Ils existent déjà en Colombie. Il s’agit de 50 000 hectares qui ont été délimités à San José de Apartado lorsque les paramilitaires ont commis de nombreux crimes. Ils ont retiré tout le monde de la zone, l’armée, la police. Il n’y a plus de groupes armés là-bas, donc il n’y aura plus de morts, plus d’enlèvements, rien. Dans cette zone, les gens se consacrent uniquement à cultiver la terre. Et jusqu’à présent, tout se passe bien.

Bien sûr, une telle chose ne peut pas être mise en œuvre du jour au lendemain, cela prend du temps. Un congrès qui se tiendra à Cauca en novembre débattra et rédigera des règlements sur la manière dont cela peut fonctionner. Les femmes, la jeune génération et les étudiants doivent être inclus. Tout le monde doit savoir ce qui sera décidé lors du congrès.

Qu’est-ce qui vous donne de l’espoir ? Comment continuez-vous à lutter pour un avenir pacifique en Colombie ?
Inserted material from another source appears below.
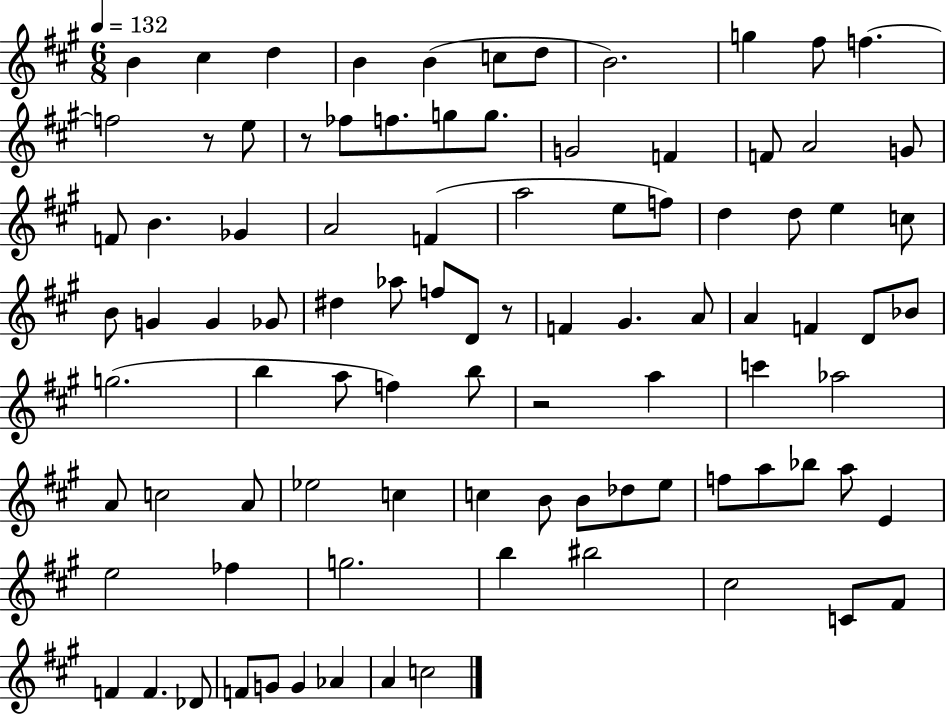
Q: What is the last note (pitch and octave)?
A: C5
Je pense que la réalisation de ces zones de paix affectera l’ensemble du pays. Beaucoup de gens penseront : « Nous voulons aussi vivre en paix, nous voulons aussi exister sans guérilla. » Le gouvernement de Petro parle d’une paix totale, c’était son plan, mais il n’est d’accord avec personne. C’est pourquoi nous y avons réfléchi de manière indépendante, en avons discuté, l’avons suggéré et formé des personnes à travers la Guardia Indigena.

Surtout, les leaders sociaux sont menacés. Il faut faire quelque chose pour empêcher que cette violence ne perdure. Personne ne s’en soucie. Quand nous avons commencé à nous rassembler, j’avais 18 ans et je ne savais ni lire ni écrire. De plus en plus de jeunes me rejoignaient, tous analphabètes. Nous avons commencé à occuper la terre et à revendiquer notre droit à notre propriété collective auprès des colons. Ils ne voulaient pas abandonner la terre, alors nous sommes allés voir le gouvernement et avons exigé qu’il nous rachète la terre. Il s’agit de terres collectives, mais seuls quelques-uns en bénéficient.

Nous avons obtenu de bons résultats. C’est pourquoi je ne suis pas pessimiste quant aux propositions de zones de paix. Je pense que nous pouvons y parvenir dans un avenir proche.

Quelle est pour vous l’œuvre la plus importante en ce moment ?

Pour sensibiliser les gens. Il faudra proposer de nombreuses activités pédagogiques.

Sonya (Compagnon de Guillermo lors de l’interview) : Une collègue du conseil du Cric nous a souligné lors d’une réunion qu’il ne fallait pas oublier la lutte des femmes indigènes. Parce qu’au début, il n’y avait que des hommes et maintenant, il y a beaucoup de femmes impliquées, ce qui est très important. Ils ont une perspective différente et ce nouveau processus devrait inclure la vie de la femme. La véritable base de la vie indigène est la Terre Mère. D’autres réponses viennent d’elle et il ne s’agit pas seulement de parler d’elle, mais d’être en connexion avec elle. Il y a deux femmes au Conseil du Cric. Deux membres du conseil sur dix sont des femmes, ce qui est très peu.

Il y a beaucoup de femmes dans les communautés qui expriment ce qu’elles pensent et ne sont pas timides. C’est pourquoi l’organisation offre désormais aux femmes la possibilité de se former pour occuper des postes au sein du conseil d’administration. C’est pour cette raison que deux des présidents sont des femmes. La parole de la femme est très précieuse, mais de nombreuses années se sont écoulées sans que l’organisation ne la prenne en compte. Les dirigeants l’ont abordé avec une vision très sexiste. Cela change petit à petit à mesure qu’on commence à analyser le rôle des femmes.

L’interview a été publiée dans le numéro 605 du Latin America News.